Since 1991, a non-profit organisation, Hillel – The Right To Choose, has helped thousands of Yotzim manage this transition successfully – finishing their studies, finding housing and employment, completing army or national service and integrating into broader Israeli society.
Hillel has branches in Jerusalem, Tel Aviv and Haifa, and the support offered includes transitional housing, HaBayit shel Hillel (Hillel’s Home) Emergency Shelter, a single mothers’ programme, and dedicated staff and volunteers serving around 1,200 clients, aged 18 to 35, each year.
“We are dealing with young people who have made a very intense choice to literally start from scratch,” says Avi Neuman, the organisation’s resource development director.
“It takes a lot of strength, but also resources, to start a new life. These are capable people who are very driven and want to succeed – but they need personal support, a place to live, and help to learn the skills that will allow them to begin again.”
Hillel started in 1991 as a volunteer organisation. By 2013, it had seven paid employees and, today, has a professional staff of 29.
In recent years, Hillel has succeeded in raising awareness of Yotzim with the Israeli Government and welfare agencies.
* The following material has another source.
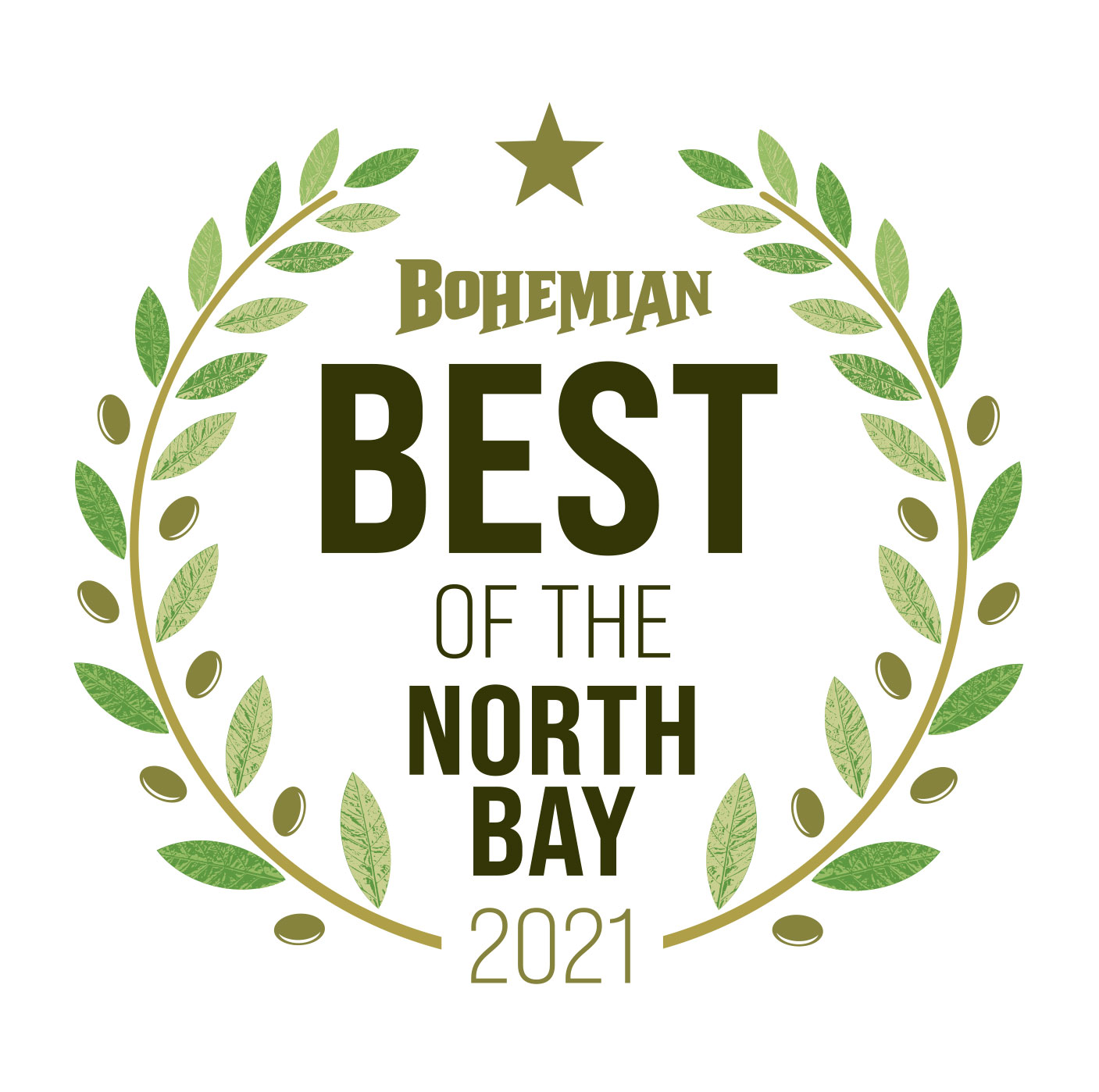 Best of the North Bay 2021 logo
In 2015, it partnered with the Ministry of Welfare for the provision of crisis intervention, which includes its emergency shelter and transitional housing services.
“We are the only organisation in Israel providing direct services on this scale for this population, and we’re proud to be making a real difference in people’s lives,” says Avi.
“Our programmes are diverse and often go over and above what the state can provide. For example, our shelter facility can offer automatic intake to Yotzim at risk, without proof of six months’ homelessness.But our biggest future challenge is how to continue to develop and meet the escalating demand for support like this.”